Osteogenic Efficacy Enhancement of Kaempferol Through An Engineered Layer-By-Layer Matrix: A Study in Ovariectomized Rats

Abstract

A layer-by-layer matrix (LBL) comprising kaempferol (LBL-KEM) was prepared for improved osteogenic action. The LBL-KEM consisted of alternate layers of sodium alginate and protamine sulfate, which were sequentially deposited on the preformed kaempferol (KEM)-loaded CaCO3 core (CaCO3-KEM) by LBL self-assembly. The LBL matrix developed was evaluated for layer growth by ζ-potential and size alterations after self-assembly of each layer.
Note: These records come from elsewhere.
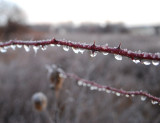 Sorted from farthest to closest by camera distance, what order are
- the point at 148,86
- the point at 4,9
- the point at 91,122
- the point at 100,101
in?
the point at 4,9 < the point at 148,86 < the point at 100,101 < the point at 91,122

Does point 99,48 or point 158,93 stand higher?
point 99,48

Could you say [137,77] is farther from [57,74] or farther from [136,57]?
[136,57]

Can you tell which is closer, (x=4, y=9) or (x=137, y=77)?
(x=137, y=77)

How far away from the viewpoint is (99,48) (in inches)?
13.1

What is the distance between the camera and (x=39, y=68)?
3.68 m

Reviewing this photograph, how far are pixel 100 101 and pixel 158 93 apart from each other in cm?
71

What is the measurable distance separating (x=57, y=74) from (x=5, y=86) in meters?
1.70

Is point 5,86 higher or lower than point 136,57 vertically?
lower

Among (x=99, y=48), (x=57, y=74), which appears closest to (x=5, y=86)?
(x=57, y=74)

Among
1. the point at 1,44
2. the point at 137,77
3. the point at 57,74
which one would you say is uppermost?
the point at 1,44

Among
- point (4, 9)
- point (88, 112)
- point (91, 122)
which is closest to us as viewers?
point (91, 122)

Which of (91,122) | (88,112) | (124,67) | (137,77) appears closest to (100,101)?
(88,112)

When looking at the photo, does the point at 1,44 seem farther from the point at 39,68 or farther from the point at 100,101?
the point at 39,68

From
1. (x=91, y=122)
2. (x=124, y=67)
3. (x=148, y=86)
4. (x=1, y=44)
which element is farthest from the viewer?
(x=124, y=67) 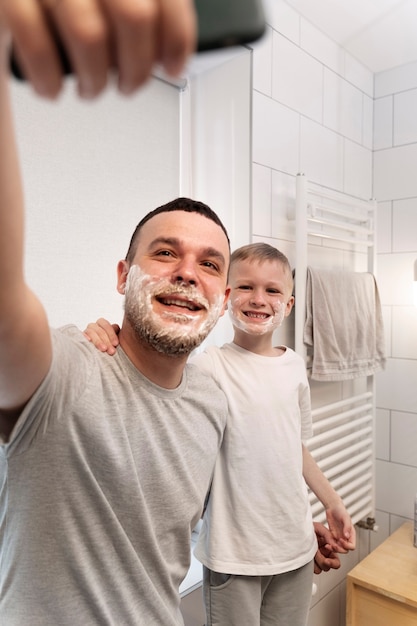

Its physicochemical properties and intestinal absorption pattern were characterized and its pharmacokinetic behavior, mineralization of bone marrow cells, bone mineral density, bone strength, microcrack formation and estrogenicity were evaluated after oral administration. The entrapment efficiency of KEM was 94 ± 2% and the cumulative %KEM released from LBL-KEM was 19.2 and 63.5% at pH 1.4 and 7.4, respectively, after 24 h. Stepwise polyelectrolyte assembly onto initially positively charged particles (+21.2 mV) resulted in alterations between -28.5 and +10.9 mV. A final ζ-potential of -8.9 mV was obtained after terminal surface modification with sodium deoxycholate. Fluorescein isothiocyanate-labeled LBL matrix was diffused into the basolateral lacteal region upon oral administration to rats. The area under the KEM serum concentration curve following oral administration of LBL-KEM to rats was 2479 ± 682 ng·h/ml, nearly twofold higher than free KEM. The concentration-time profile in bone marrow indicated improved penetration and retention of KEM on administration of LBL-KEM. Treatment with LBL-KEM restored bone mineralization, bone mineral density, microcrack formation and empty osteocyte lacunae density in ovariectomized (OVx) rats, which was significantly (p < 0.05) improved in femoral diaphysea, tibial head and vertebrae compared with free KEM treatment. Administration of LBL-KEM to growing female rats for 4 weeks resulted in no estrogenicity when compared with OVx rats. The data suggests that LBL matrix enhanced drug delivery, improved pharmacokinetics and maintained better bone quality under OVx conditions.